▽
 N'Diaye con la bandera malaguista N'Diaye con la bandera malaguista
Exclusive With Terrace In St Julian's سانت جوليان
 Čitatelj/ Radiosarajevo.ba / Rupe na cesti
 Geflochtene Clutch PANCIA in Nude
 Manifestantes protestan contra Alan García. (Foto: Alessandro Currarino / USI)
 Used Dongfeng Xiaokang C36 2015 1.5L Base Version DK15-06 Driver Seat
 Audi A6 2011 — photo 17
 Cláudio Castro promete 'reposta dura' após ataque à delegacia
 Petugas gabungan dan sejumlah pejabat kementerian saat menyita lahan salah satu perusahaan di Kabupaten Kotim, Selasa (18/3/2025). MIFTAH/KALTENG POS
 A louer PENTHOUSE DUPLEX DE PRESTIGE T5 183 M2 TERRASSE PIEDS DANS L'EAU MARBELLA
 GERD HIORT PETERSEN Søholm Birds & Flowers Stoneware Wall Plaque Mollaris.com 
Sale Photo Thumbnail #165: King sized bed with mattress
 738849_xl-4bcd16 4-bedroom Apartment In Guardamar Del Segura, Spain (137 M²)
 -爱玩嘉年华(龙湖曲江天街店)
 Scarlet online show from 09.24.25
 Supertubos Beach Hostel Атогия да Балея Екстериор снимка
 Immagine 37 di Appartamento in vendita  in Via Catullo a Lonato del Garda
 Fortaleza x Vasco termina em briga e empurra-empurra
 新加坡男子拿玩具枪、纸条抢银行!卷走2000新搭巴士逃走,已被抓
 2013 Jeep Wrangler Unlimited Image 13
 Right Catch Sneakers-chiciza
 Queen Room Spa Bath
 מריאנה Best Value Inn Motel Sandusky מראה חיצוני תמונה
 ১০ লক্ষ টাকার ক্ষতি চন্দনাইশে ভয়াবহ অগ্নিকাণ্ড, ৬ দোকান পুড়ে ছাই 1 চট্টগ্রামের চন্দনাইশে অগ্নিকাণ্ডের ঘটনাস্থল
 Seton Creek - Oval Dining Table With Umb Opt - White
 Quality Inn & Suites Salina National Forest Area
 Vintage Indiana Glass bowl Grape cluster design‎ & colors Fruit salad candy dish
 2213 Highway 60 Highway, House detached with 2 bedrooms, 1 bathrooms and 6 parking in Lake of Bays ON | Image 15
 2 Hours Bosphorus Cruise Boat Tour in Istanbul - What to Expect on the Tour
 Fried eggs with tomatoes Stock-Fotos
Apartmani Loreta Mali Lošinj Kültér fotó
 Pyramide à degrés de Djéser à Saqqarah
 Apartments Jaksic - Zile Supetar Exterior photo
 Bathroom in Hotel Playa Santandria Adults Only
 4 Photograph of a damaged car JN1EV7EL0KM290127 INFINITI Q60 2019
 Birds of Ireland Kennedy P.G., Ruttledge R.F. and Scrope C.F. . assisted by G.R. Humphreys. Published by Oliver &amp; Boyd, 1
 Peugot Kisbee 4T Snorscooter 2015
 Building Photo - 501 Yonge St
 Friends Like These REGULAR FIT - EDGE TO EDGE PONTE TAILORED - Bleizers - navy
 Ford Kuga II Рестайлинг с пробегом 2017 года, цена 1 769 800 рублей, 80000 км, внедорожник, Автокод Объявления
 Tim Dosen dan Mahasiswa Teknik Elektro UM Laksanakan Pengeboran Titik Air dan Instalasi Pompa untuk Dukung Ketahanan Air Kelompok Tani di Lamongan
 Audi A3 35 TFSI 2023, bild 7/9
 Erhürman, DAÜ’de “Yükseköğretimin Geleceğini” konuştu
△
- Your objective
Extract each line from the entries above that contains the string "Audi".

- Task solution
 Audi A6 2011 — photo 17
 Audi A3 35 TFSI 2023, bild 7/9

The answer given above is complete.